- [WORK ORDER]: A verbatim copy of the listing is the expected output.

- [EXERCISE INPUT]:

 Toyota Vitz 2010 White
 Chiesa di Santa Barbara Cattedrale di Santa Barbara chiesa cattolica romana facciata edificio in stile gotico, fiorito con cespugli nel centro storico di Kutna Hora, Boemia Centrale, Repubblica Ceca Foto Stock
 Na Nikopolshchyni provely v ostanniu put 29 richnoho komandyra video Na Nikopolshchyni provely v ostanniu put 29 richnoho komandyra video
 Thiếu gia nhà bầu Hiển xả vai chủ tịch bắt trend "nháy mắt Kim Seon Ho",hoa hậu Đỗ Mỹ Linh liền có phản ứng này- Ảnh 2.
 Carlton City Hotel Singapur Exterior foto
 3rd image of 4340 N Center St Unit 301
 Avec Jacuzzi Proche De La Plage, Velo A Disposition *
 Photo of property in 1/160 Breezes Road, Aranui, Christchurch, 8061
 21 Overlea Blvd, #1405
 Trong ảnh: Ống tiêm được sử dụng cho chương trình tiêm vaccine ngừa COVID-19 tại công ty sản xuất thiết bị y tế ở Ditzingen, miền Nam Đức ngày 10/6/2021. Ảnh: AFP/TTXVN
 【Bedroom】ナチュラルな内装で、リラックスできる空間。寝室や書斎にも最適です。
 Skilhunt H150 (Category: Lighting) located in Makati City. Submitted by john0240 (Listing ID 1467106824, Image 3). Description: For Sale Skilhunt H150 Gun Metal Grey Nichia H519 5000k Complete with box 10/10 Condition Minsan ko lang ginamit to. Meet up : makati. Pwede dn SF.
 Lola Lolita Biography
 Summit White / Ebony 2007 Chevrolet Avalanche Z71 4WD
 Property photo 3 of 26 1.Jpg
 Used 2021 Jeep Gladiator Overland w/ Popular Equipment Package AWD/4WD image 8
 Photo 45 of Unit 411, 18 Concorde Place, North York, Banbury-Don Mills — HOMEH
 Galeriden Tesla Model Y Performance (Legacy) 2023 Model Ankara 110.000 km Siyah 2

- [OUTPUT OF THE EXERCISE]:
 Toyota Vitz 2010 White
 Chiesa di Santa Barbara Cattedrale di Santa Barbara chiesa cattolica romana facciata edificio in stile gotico, fiorito con cespugli nel centro storico di Kutna Hora, Boemia Centrale, Repubblica Ceca Foto Stock
 Na Nikopolshchyni provely v ostanniu put 29 richnoho komandyra video Na Nikopolshchyni provely v ostanniu put 29 richnoho komandyra video
 Thiếu gia nhà bầu Hiển xả vai chủ tịch bắt trend "nháy mắt Kim Seon Ho",hoa hậu Đỗ Mỹ Linh liền có phản ứng này- Ảnh 2.
 Carlton City Hotel Singapur Exterior foto
 3rd image of 4340 N Center St Unit 301
 Avec Jacuzzi Proche De La Plage, Velo A Disposition *
 Photo of property in 1/160 Breezes Road, Aranui, Christchurch, 8061
 21 Overlea Blvd, #1405
 Trong ảnh: Ống tiêm được sử dụng cho chương trình tiêm vaccine ngừa COVID-19 tại công ty sản xuất thiết bị y tế ở Ditzingen, miền Nam Đức ngày 10/6/2021. Ảnh: AFP/TTXVN
 【Bedroom】ナチュラルな内装で、リラックスできる空間。寝室や書斎にも最適です。
 Skilhunt H150 (Category: Lighting) located in Makati City. Submitted by john0240 (Listing ID 1467106824, Image 3). Description: For Sale Skilhunt H150 Gun Metal Grey Nichia H519 5000k Complete with box 10/10 Condition Minsan ko lang ginamit to. Meet up : makati. Pwede dn SF.
 Lola Lolita Biography
 Summit White / Ebony 2007 Chevrolet Avalanche Z71 4WD
 Property photo 3 of 26 1.Jpg
 Used 2021 Jeep Gladiator Overland w/ Popular Equipment Package AWD/4WD image 8
 Photo 45 of Unit 411, 18 Concorde Place, North York, Banbury-Don Mills — HOMEH
 Galeriden Tesla Model Y Performance (Legacy) 2023 Model Ankara 110.000 km Siyah 2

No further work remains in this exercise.